New Algorithm Can Streamline Data Restoration Of Event Logs

New-Algorithm-Can-Streamline-Data-Restoration-Of-Event-Logs

The high accuracy of the new data restoration algorithm guarantees its applications not only in current enterprises but also in future AI applications

Process models and optimisation processes rely on the quality of data. Missing data can lead to models that generate an incorrect analysis. In a new study, researchers from Pusan National University, South Korea, have developed an improved algorithm that uses correlations between existing information to restore missing data in an event log with a high degree of accuracy.

Digitalisation has enabled businesses to record their operations in event logs where each activity in a business process is recorded as data with certain attributes such as a timestamp, event name etc. These logs are helpful as they give an overview of the operations and can be used to develop process models that optimise the business process. However, the quality of the optimisation process is only as good as the data stored and event logs with missing events lead to poor analysis and data models.

In a collaborative study, researchers from Pusan National University, South Korea, including Dr. Sunghyun Sim and Prof. Hyerim Bae, along with Prof. Ling Liu from Georgia Institute of Technology have developed a method that can restore missing data in an event log. The study, published in IEEE Transactions on Services Computing, uses imputation methods that use correlations between available data to find missing information. “Since data is collected from multiple perspectives in numerous information systems, there is a relationship between the collected data. Starting with this point, our study suggested a method of restoring missing event values by utilising the relationship among entities in the event log, which can overcome human error or system,” said Dr. Sim.

Also Read: It’s All About Data Analytics

In event logs, events have attributes that are linked to other events in “single event” or “multiple event” relationships. In the former case, each attribute of an event corresponds to a unique attribute in another event. Based on this relationship, the researchers developed a Systematic Event Imputation (SEI) method that restores a missing value by simply referring to the available value it is linked to.

However, in the latter case where attributes have multiple correspondences, a simple matching of attributes is not possible. For such situations, a multiple event imputation (MEI) method was developed where missing events are first estimated and used to create event sequences or event chains. These sequences can be compared with an event log without missing data to restore the missing event attributes.

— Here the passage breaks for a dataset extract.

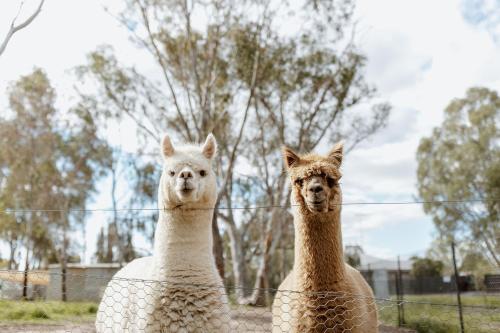 two llamas are standing next to a fence at Tindarra Resort in Moama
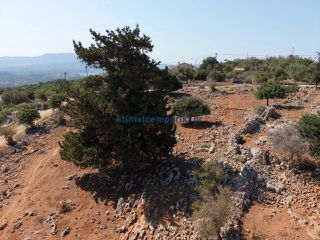 Οικόπεδο 2.003 τ.μ. προς πώληση, Καμπιά Βάμου-thumb-9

These imputation methods were applied simultaneously by a bagging recurrent event imputation (BREI) algorithm, using bootstrap sampling and recurrent event imputation (REI) to repair the event log. On tests with real-world event logs, the researchers found that their algorithm improved restoration accuracy by 10–30 per cent compared to existing restoration algorithms. Moreover, it could restore almost 90 per cent of the data accuracy even when more than half of it was missing.

Apart from optimizing business processes, the researchers are optimistic that such an algorithm can be extended to other applications that rely on the quality of data. One promising avenue lies in improving the data fed to AI systems and this method has the potential to accelerate the development of AI technologies. “It is possible to improve the performance of artificial intelligence by improving the quality of data in its learning process. The algorithm will also help prevent model malfunction by improving the quality of data it collects in real-time in a real-time environment,” said Prof. Hyerim.

The high accuracy of the new algorithm, as well as its versatility, is sure to ensure its widespread application in the industry in the near future.